I got to wondering, who really would win if both were in their primes, using the same equipment, and the same rules; Ali or Tyson? I am going analyze each aspect of both guys’ repertoires and find out once and for all who would come out on top along with a prediction.
Length: 12 Rounds
Saved By The Bell: Yes
Stoppage: Referee Discretion
TALE OF THE TAPE
Tyson delivers a signature uppercut KO.
At first glance, this category looks like a no brainer for Tyson. But don’t be fooled. Just because Ali was so skilled in other facets that he didn’t have to always use his power, doesn’t mean he didn’t have any. 37 of his 56 career wins were by way of knockout, so he could definitely pack a punch when needed.
The advantage for Tyson in this category comes in several forms. It is true that he had a harder punch than Ali, but both had knockout power. The edge for Tyson is the quantity and quality in which he threw his power shots. Tyson had a willingness to walk into or bob and weave around a jab to unleash a deadly combination of power hooks, body shots, and uppercuts; sometimes 5-6 punches in one flurry. If he landed even three of them it was usually lights out for his hapless opponent.
Ali was a finesse fighter who used his footwork, jab, and reach to rattle and frustrate opponents; his willingness to use his power shots came second to these things. It is for this reason that Tyson takes the power category
"The Louisville Lip", Muhammad Ali.
Here’s another category that one would think is an easy win for Ali, but not too fast. As I mentioned above, Tyson threw power combinations at will, and with speed. He could land 4 shots in a blinding flurry and all of a sudden his opponent is on the canvas. I’d have to say his hand speed was stellar when he got inside, but given his short, stocky frame Tyson’s hand speed was of no use to him on the outside.
It is the exact opposite for Ali. His height and significant reach advantage would enable his hand speed to be more of a factor against an opponent like Tyson. Ali is probably the fastest Heavyweight in history, but his hand speed use would be situational against Tyson to avoid making a mistake and getting caught. He could keep Tyson at bay on the outside throwing jab after jab at a torrid pace, as well as attempting the occasional combination.
In summary, Tyson on the inside has the edge in hand speed, while Ali on the outside has the edge. Ali staying on the outside is a likely scenario in this fight, which would frustrate Tyson. On the flip side, if Tyson got inside on Ali he would have the chance to do some serious damage.
Ali dodges a punch with his superior foot placement.
This category is the one that would give Ali the edge he would need to avoid being caught up inside by the constant pressure Tyson would be bringing. Given that Tyson is not only ultra-aggressive, but also accurate and fast with power combos, Ali would have to rely heavily on his ability to anticipate Tyson’s actions and beat him to the punch, literally.
When matching these two greats, I believe Ali’s footwork is the only clear-cut advantage he has over Tyson. Ali would have to be flawless in picking his spots from the outside, and it begins with his fancy and fast feet that keep him just out of reach of his opponent.

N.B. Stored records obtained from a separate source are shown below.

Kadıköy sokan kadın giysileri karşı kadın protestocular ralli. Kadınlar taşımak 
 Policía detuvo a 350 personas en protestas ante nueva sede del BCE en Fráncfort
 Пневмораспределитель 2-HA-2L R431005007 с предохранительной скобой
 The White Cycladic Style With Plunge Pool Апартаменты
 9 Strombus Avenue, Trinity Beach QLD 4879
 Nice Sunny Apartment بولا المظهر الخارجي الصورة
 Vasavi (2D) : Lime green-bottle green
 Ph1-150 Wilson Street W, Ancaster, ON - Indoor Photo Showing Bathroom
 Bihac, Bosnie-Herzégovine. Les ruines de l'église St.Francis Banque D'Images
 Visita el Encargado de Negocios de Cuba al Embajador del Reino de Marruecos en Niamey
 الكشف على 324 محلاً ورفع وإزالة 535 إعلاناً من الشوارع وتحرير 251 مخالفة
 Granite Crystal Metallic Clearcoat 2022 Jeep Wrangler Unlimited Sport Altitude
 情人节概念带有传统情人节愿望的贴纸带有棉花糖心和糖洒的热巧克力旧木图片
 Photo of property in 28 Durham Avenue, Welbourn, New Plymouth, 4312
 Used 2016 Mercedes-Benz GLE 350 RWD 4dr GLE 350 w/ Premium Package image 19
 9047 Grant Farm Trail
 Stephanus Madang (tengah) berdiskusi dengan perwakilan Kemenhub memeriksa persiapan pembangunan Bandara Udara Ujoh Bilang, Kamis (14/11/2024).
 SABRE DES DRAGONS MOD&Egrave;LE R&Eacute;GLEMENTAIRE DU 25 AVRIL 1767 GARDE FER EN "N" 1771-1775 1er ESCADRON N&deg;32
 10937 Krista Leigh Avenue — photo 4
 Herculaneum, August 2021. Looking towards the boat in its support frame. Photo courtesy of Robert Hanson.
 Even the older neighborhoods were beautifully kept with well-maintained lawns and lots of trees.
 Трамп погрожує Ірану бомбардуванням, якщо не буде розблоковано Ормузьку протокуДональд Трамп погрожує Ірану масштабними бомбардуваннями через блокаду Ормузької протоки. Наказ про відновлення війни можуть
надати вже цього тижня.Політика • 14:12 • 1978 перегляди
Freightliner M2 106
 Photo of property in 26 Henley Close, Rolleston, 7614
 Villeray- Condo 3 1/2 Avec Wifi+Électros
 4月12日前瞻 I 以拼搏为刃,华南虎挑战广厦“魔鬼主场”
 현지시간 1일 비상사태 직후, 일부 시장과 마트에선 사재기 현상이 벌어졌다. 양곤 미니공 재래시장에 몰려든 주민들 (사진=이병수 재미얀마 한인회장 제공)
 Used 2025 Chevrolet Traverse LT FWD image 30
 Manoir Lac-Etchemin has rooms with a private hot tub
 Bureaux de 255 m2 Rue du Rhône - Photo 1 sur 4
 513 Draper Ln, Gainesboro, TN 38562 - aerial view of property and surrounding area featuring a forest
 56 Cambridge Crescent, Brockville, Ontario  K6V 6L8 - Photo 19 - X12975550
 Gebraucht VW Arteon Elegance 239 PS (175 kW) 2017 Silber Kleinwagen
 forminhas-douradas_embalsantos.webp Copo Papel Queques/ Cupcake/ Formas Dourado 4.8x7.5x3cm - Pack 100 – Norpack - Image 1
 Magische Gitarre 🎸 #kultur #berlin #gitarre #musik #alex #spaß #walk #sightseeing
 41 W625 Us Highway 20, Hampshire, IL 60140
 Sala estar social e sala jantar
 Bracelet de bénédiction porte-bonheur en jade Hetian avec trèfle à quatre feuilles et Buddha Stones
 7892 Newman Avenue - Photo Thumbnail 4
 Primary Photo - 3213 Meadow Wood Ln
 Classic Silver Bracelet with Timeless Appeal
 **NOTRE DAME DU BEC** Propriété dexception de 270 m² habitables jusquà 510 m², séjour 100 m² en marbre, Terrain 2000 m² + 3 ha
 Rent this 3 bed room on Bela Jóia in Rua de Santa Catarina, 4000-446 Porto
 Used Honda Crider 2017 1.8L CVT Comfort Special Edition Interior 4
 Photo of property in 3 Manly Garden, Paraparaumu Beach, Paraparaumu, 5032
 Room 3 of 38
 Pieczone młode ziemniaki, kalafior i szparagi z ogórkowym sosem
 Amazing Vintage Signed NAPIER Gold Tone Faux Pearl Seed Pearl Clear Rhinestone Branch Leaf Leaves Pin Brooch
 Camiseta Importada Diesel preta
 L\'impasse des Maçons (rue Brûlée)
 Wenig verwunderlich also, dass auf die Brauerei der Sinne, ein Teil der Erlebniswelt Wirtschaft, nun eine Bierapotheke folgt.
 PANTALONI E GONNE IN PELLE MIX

The reason Tyson’s footwork is a non-factor is because although he is aggressive, he tends to watch his opponent, and then pick the perfect time to unleash. It would be Ali controlling the pace for the most part, but that doesn’t really matter because Tyson is able to offset that bringing constant pressure. Seeing Ali’s movement strategy would be one of the more intriguing subplots of the fight.
When in the ring, both guys look like they are always in control, no matter what their opponent seems to be trying to do. This is the classic case of “something’s gotta give.” Ali would display control by using his foot speed and jab to his advantage, trying to pick apart Tyson from the outside. Tyson would display generalship by not being scared to walk right through Ali’s jab to get him on the ropes and go to work.
Seeing’s how both fighters control the ring in different styles, they will both have their moments doing so. But that makes it hard to pick a clean victor in this category.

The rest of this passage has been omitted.